Mathieu Bastareaud is ready to focus on playing international rugby again after causing the French team huge embarrassment by lying to police about being assaulted in New Zealand last summer.
Bastareaud initially claimed that he had sustained facial injuries by being attacked by several men following a night out during the team's tour in June, and it quickly escalated into a political affair between the nations.
Bastareaud, who has been doing community service work, was excluded from France's matches against South Africa, Samoa and New Zealand in November. But the burly centre now hopes to play in his country's opening Six Nations match, against Scotland on Monday (NZT).
"A new adventure is beginning, you have to stop talking about the past all day long," Bastareaud, who plays for Stade Francais, said. "I feel stronger. I am at ease, relieved and I want to move forward.
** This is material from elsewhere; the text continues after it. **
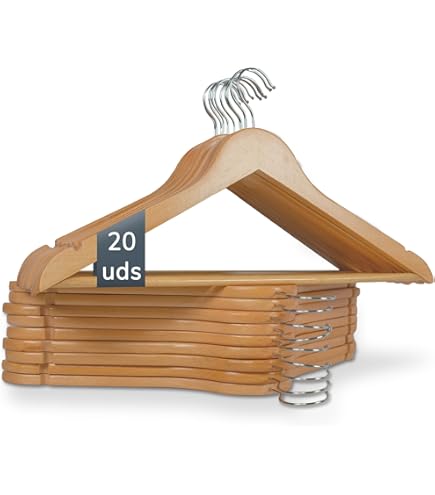 Lote De 8 Perchas Con Pinza Para Pantalones De Madera - Antideslizantes, Gancho Giratorio 360°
I want to play in the (2011) World Cup and win the (Six Nations) tournament."
Bastareaud's morale dropped to rock bottom when the late-night incident blew up into a full-scale political saga, eventually prompting France Prime Minister Francois Fillon to send a letter of apology to his New Zealand counterpart John Key in July.
"When you have nothing left, you only have your family around you," said Bastareaud, who has played four times for France under coach Marc Lievremont. "I had to start everything from scratch."
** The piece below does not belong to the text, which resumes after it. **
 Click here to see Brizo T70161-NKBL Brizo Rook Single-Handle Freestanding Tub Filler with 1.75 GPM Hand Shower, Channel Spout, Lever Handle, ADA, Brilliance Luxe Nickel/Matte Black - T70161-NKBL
The 21-year-old, who is Arsenal and France footballer William Gallas' cousin, took flak from all sides. Some said he should never play for France again.
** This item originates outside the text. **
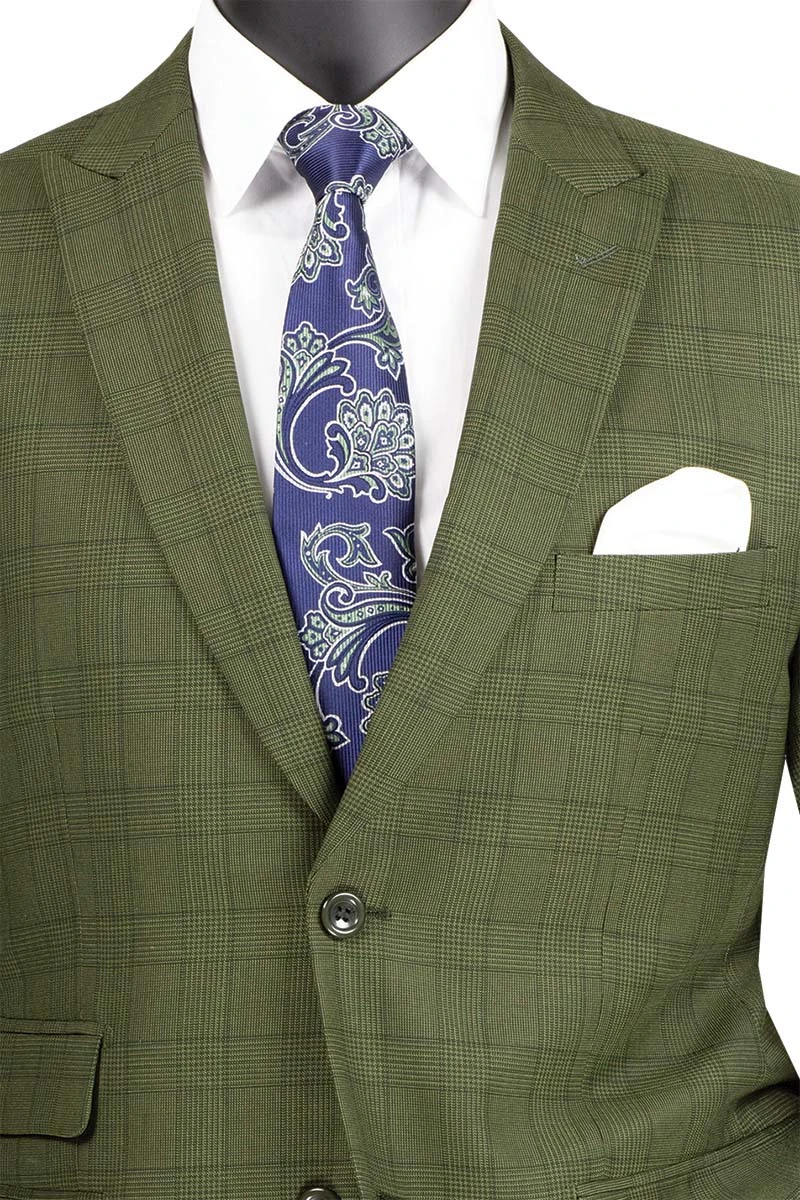 Catania Collection - Modern Fit Windowpane Suit 2 Piece In Olive 4 Catania Collection - Modern Fit Windowpane Suit 2 Piece In Olive - Image 2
"I thought about stopping rugby, yes. It crossed my mind," Bastareaud said at France's Marcoussis training camp. "I won't ever forget all that was said and written ... I will never forget it (but) I am living with it better."
Bastareaud suffered a suspected broken eye socket and needed stitches to close facial cuts after France's 14-10 loss to New Zealand in the second test of its southern hemisphere tour.
Bastareaud claimed he had been attacked by up to five men in central Wellington in the early hours of the morning. The French press speculated that he had been fighting his teammates, while Bastareaud said he was drunk, slipped and fell face-first onto a bedside table in his room.
He praised Lievremont for ignoring the huge clamours to permanently discard him.
"I had a chat with Marc and he said that I would be in contention if I started playing at a decent level again," Bastareaud said. "I just tried to concentrate on what I had to do on the field."